Most CEOs say they want transparency. Mark Leslie means it.

Leslie ran two firms before becoming chairman and CEO of Veritas Soft­­ware in 1990. He knew from experience that when senior executives make deci­­sions based on shared information with their employees, it decreases office politics and helps everyone buy into the company’s strategy.

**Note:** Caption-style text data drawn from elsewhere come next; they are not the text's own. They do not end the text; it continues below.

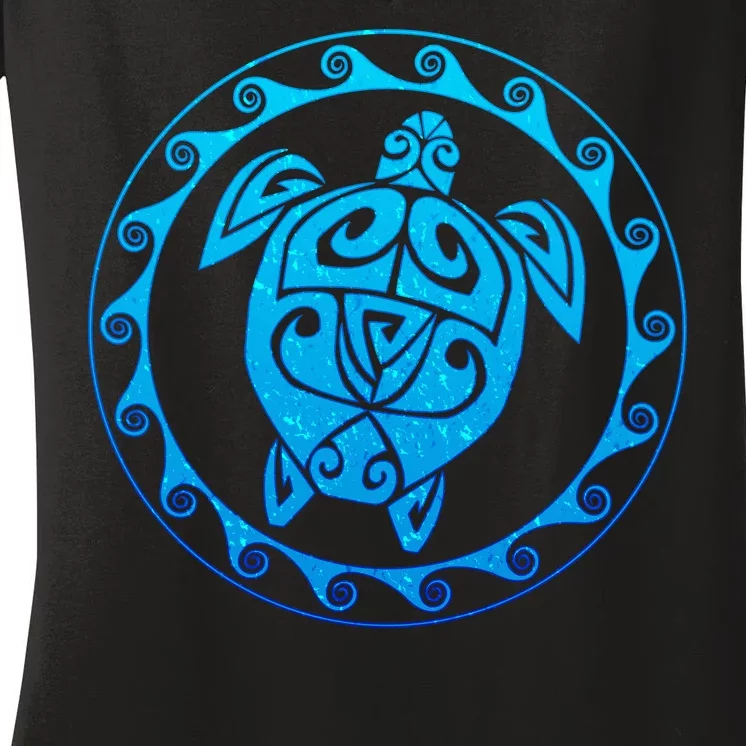 Tribal Sea Turtle Women's V-Neck T-Shirt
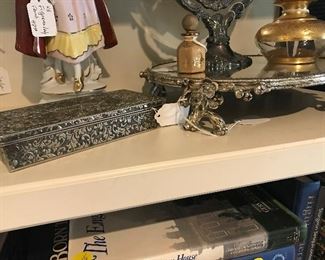 Silver mirror tray and silver embossed box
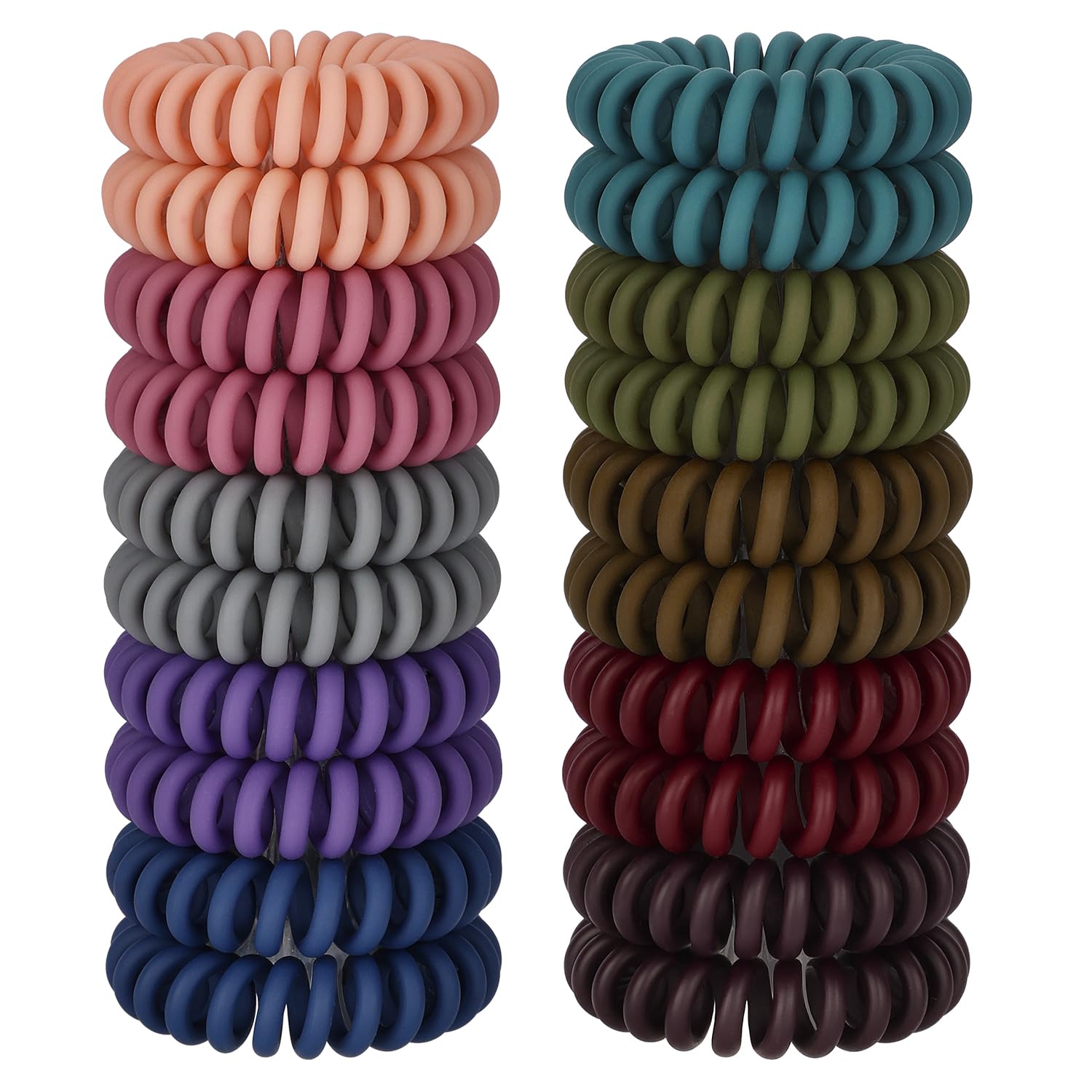 JessLab Lazos de Cabello en Espiral, 20 Pcs Traceless Cable Telefónico Sin arrugas Bobina de Plástico Titulares de Cola de Caballo sin Daños Accesorio para el Cabello para Niñas Mujeres Damas Regalo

At Veritas, he hosted weekly em­­ployee gatherings where he’d cover all relevant news and information about the company. As Veritas grew, he initiated monthly meetings for all global man­agers. Leslie and his executive team updated the managers on earnings projections and other measures.

By revealing as much information as he could, he sought to stifle the rumor mill and minimize the need for internal secrecy. He also figured he’d build good will by leveling with everyone and unclogging communication channels.

Leslie acknowledges that trust can backfire. Putting your faith in em­­ployees can occasionally lead to betrayal, but Leslie concludes that’s a small price to pay when striving to build lasting relationships based on honesty.

A CEO who shares information turns everyone into entrepreneurs. Support personnel are more apt to take risks.

Leslie cautions that if employees suspect a CEO is faking it, trust can collapse. He champions authentic leadership where you promote organizational values that truly reflect your character and belief system.

Genuineness and information sharing paid off for Leslie. In his 11-year run as CEO, Veritas (now known as Symantec Corp.) grew from 12 to 6,000 employees. Its annual revenue soared from $95,000 to $1.5 billion.

— Adapted from “The Masters,” Christopher Hann, Entrepreneur.